To Jessica Pierose, life is a ride full of great turns and surprises.  Jessica is an artist with an electric feel of aliveness, she meets life directly in the moment.  We began in her studio in Santa Monica, one foggy fall morning.  I had heard a story indirectly about a skirmish with Rolls-Royce early in her career and wanted to hear the account firsthand.

The tale unfolds;  a friend who collects Rolls Royce’s asked Jessica to draw the car’s grill.  With typical intrepid directness, she marched into the Rolls-Royce dealership in Beverly Hills and asked to do research.  The helpful receptionist pulled a piece and showed it to her.  A little later, as she was close to finishing the drawing, a manager came by and inquired as to what she was doing.  After finding out, he told her to leave, informing Jessica that the logo was trademarked and that copying it would grounds for a lawsuit.  Yet Jessica persisted, asking to be allowed to draw it.  Finally the manager relented, and she was put in contact with the main office.  They asked her to prepare a prototype of her art work for consideration.
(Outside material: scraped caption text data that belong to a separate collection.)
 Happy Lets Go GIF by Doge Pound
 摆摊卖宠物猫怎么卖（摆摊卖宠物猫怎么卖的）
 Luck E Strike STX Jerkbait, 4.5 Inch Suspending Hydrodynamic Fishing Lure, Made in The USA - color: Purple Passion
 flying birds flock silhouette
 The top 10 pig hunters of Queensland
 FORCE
Jessica has hutzpah.  Eventually she won the executives at Rolls-Royce Ltd. headquarters over and received full permission to etch the car’s logo, informally known as the ‘Flying Lady,’ the car’s official logo.  Not only was it extraordinary that she was given the right to use the Flying Lady, she was commissioned to make 300 ‘coffrets’ or fancy boxes made of crystal for clients of the luxury car maker.  The boxes were all etched with the logo, formally known as ‘Spirit of Ecstasy.’ This was only the beginning of a lucrative career working with glass.
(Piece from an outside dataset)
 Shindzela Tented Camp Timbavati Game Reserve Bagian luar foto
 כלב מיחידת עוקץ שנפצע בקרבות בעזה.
From etching the crystal boxes for the car, Jessica spent nearly five years with the Rolls-Royce company giving her ‘license’ to do as she pleased with the Spirit of Ecstasy in designing their trophies.  Jessica made their trophy with etched glass for the championship polo matches sponsored by United States Polo Association (USPA), and for the National Circuit Championship Series of the Swan Yacht races.  The Swan Yachts, I was informed, are premium yachts; mansions constructed of the finest wood and gold, that can power at high speed over the water.  To quote Jessica regarding all these commissions, ‘One thing leads to another.’

They do indeed.  One day she received a call from someone indicating that he’d heard that she did ‘out of the ordinary things.’  The client was interested in finding a way to set gold within double sheets of glass in his private jet.  Later in the conversation, he indicated that he was a representative for the ‘richest man in the world.’  Unimpressed, Jessica’s attitude was, ‘Yeah, what are the dimensions that I need to put together some prototypes?’  She negotiated $1200 to do samples to figure out whether or not she could embed gold within two sheets of glass without cracking the gold or the glass, or burning the sizing.
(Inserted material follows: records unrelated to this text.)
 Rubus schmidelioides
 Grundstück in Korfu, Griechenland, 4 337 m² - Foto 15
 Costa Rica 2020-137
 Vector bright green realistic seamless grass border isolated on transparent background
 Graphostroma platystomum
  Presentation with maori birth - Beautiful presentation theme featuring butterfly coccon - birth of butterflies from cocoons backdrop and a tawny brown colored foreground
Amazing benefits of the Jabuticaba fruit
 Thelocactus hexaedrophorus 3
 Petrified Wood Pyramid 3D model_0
She got off the phone and turned to several friends.  ‘I just got a call from someone saying this ‘Saul Birney’ guy is the richest man in the world, ever heard of him?’  They stared at her, ‘You must mean the Sultan of Brunei, who is the richest man in the world.’  She paused, but only for a few minutes to take it in.  Then she set out to solve the puzzle of embedding gold within double sheets of glass to be placed in the shower of the Sultan’s private jet and for his second jet that he uses as a stable, to cart around his team’s polo players and the polo horses.

She had worked with luxury craft on land and water, now she began her work of bringing art glass to the air, starting with the Sultan’s palace in the sky.  A short time later, a well-known French aircraft company, Dassault Falcon Jet called; ‘I understand you do extraordinary things.’  Things ‘took off’ after that.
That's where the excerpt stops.